Securities and Indenture.
This Security is
one of a duly authorized issue of securities of the Company (herein
called the “Securities”) issued and to be issued in one
or more series under a Senior Debt Indenture, dated as of
July 16, 2008 (herein called the “2008 Indenture”,
which term shall have the meaning assigned to it in such
instrument), between the Company and The Bank of New York Mellon,
as Trustee (herein called the “Trustee”, which term
includes any successor trustee under the 2008 Indenture), and
reference is hereby made to the 2008 Indenture for a statement of
the respective rights, limitations of rights, duties and immunities
thereunder of the Company, the Trustee and the Holders of the
Securities and of the terms upon which the Securities are, and are
to be, authenticated and delivered.
2.
Series and Denominations.
This Security is
one of the series designated on the face hereof, limited to an
aggregate principal amount as shall be determined and may be
increased from time to time by the Company. Any election by the
Company so to increase such aggregate principal amount shall be
evidenced by a certificate of an Authorized Person (as defined in
the Determination of an Authorized Person, dated
, with respect to
this series). References herein to “this series” mean
the series of Securities designated on the face hereof. The
Securities of this series are issuable only in registered form
without coupons in denominations of integral multiples
of
,
subject to a minimum denomination of
$
.
3. [IF
APPLICABLE, INSERT — Additional
Amounts.
If the beneficial
owner of this Security is a United States Alien (as defined below),
the Company will pay all additional amounts that may be necessary
so that every net payment of the principal of and interest on this
Security to such beneficial owner, after deduction or withholding
for or on account of any present or future tax, assessment or
governmental charge imposed with respect to such payment by any
U.S. Taxing Authority (as defined below), will not be less than the
amount provided for in this Security to be then due and payable;
provided , however , that the Company shall have no
obligation to pay additional amounts for or on account of any one
or more of the following:
(i) any tax,
assessment or other governmental charge imposed solely because at
any time there is or was a connection between such beneficial owner
(or between a fiduciary, settlor, beneficiary or member of such
beneficial owner, if such beneficial owner is an estate, trust or
partnership) and the United States (as defined below) (other than
the mere receipt of a payment on, or the ownership or holding of, a
Security), including because such beneficial owner (or such
fiduciary, settlor, beneficiary or member) at any time, for U.S.

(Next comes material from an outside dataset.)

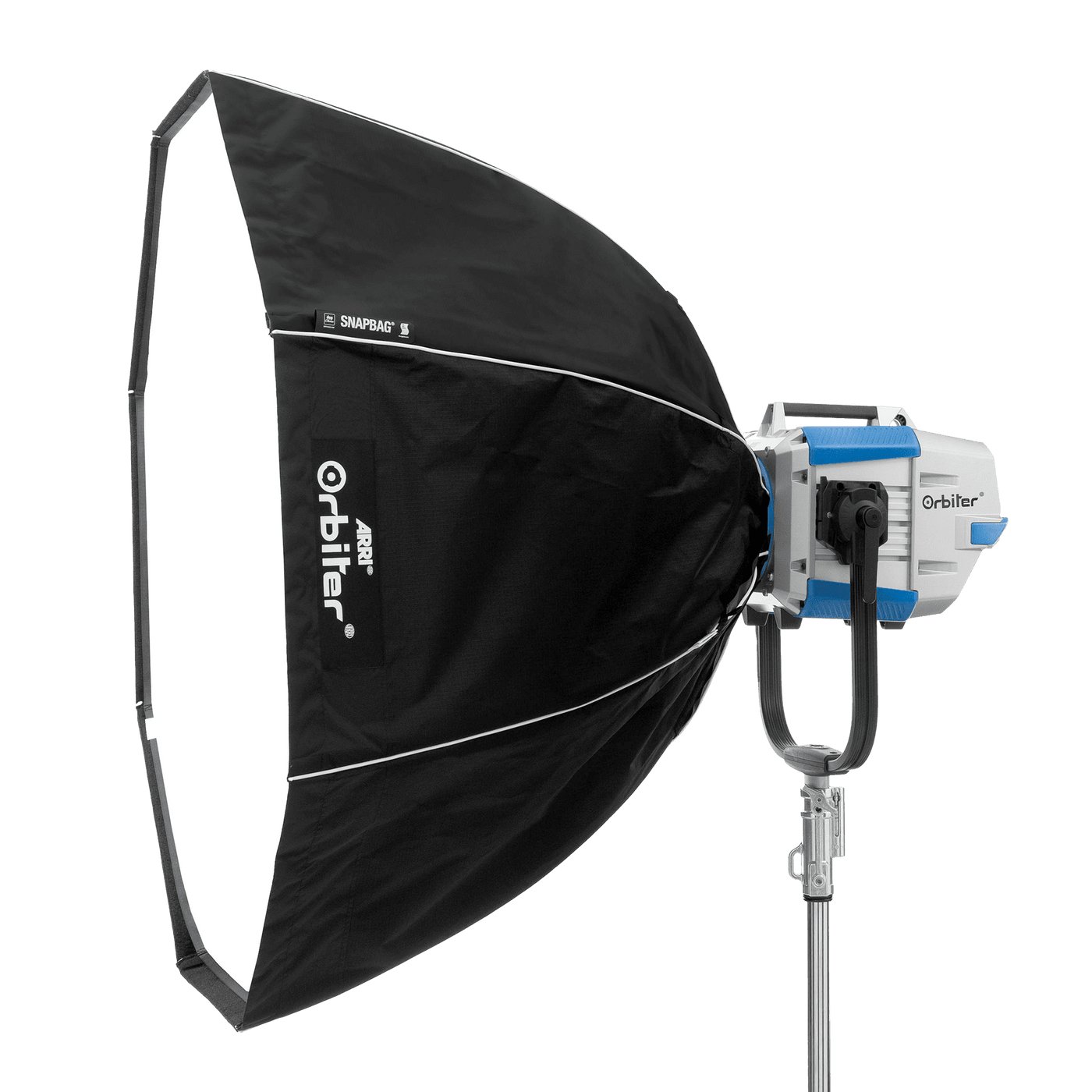 arri orbiter price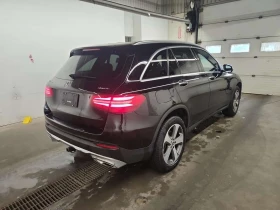 Mercedes-Benz GLC 300 * CARFAX * ОПЦИЯ ЗА ФИНАНСИРАНЕ - 14600 € / 28555.12 лв. - 99195236 3 | Car24.bg Mercedes-Benz GLC 300 * CARFAX * ОПЦИЯ ЗА ФИНАНСИРАНЕ - 14600 € / 28555.12 лв. - 99195236 3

federal income tax purposes: (a) is or was a citizen or
resident, or is or was treated as a resident, of the United States,
(b) is or was present in the United States, (c) is or was
engaged in a trade or business in the United States, (d) has
or had a permanent establishment in the United States, (e) is
or was a domestic or foreign personal holding company, a passive
foreign investment company or a controlled foreign corporation,
(f) is or was a corporation that accumulates earnings to avoid
U.S. federal income tax or (g) is or was a “10-percent
shareholder” of the Company as defined in section 871(h)(3)

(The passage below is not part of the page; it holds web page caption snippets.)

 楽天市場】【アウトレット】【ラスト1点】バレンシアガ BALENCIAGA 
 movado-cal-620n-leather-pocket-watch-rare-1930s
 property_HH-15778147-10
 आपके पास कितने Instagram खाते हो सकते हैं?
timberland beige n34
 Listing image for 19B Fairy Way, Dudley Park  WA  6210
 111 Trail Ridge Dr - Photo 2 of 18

of the U.S. Internal Revenue Code or any successor
provision;
(ii) any tax,
assessment or governmental charge imposed solely because of a
change in applicable law or regulation, or in any official
interpretation or application of applicable law or regulation, that
becomes effective more than 15 days after the day on which the
payment becomes due or is made available, whichever occurs
later;
(iii) any estate,
inheritance, gift, sales, excise, transfer, wealth or personal
property tax or any similar tax, assessment or other governmental
charge;
(Reverse of Security continued on
next page)
-7-
(iv) any tax,
assessment or other governmental charge imposed solely because such
beneficial owner or any other Person fails to comply with any
certification, identification or other reporting requirement
concerning the nationality, residence, identity or connection with
the United States of the Holder or any beneficial owner of this
Security, if compliance is required by statute, by regulation of
the U.S. Treasury Department or by an applicable income tax treaty
to which the United States is a party, as a precondition to
exemption from such tax, assessment or other governmental
charge;
(v) any tax,
assessment or other governmental charge that is payable otherwise
than by deduction or withholding from payments of principal of or
interest on this Security;
(vi) any tax,
assessment or other governmental charge imposed solely because the
payment is to be made by a particular Paying Agent (which term may
include the Company) and would not be imposed if made by another
Paying Agent (which term may include the Company);
(vii) by or on
behalf of a Holder who would be able to avoid such withholding or
deduction by presenting this Security to another Paying Agent in a
Member State of the European Union;
(viii) any tax,
assessment or other governmental charge imposed solely because the
Holder (1) is a bank purchasing this Security in the ordinary
course of its lending business or (2) is a bank that is
neither (A) buying this Security for investment purposes only
nor (B) buying this Security for resale to a third party that
either is not a bank or holding the note for investment purposes
only; or
(ix) any
combination of the taxes, assessments or other governmental charges
described in items (i) through (viii) of this
Section 3.
Additional amounts
also will not be paid with respect to any payment of principal of
or interest on this Security to any United States Alien who is a
fiduciary or a partnership, or who is not the sole beneficial owner
of any such payment, to the extent that the Company would not be
required to pay additional amounts to any beneficiary or settlor of
such fiduciary or any member of such a partnership, or to any
beneficial owner of the payment, if that Person had been treated as
the beneficial owner of this Security for this purpose.
The term
“United States Alien” means any Person who, for U.S.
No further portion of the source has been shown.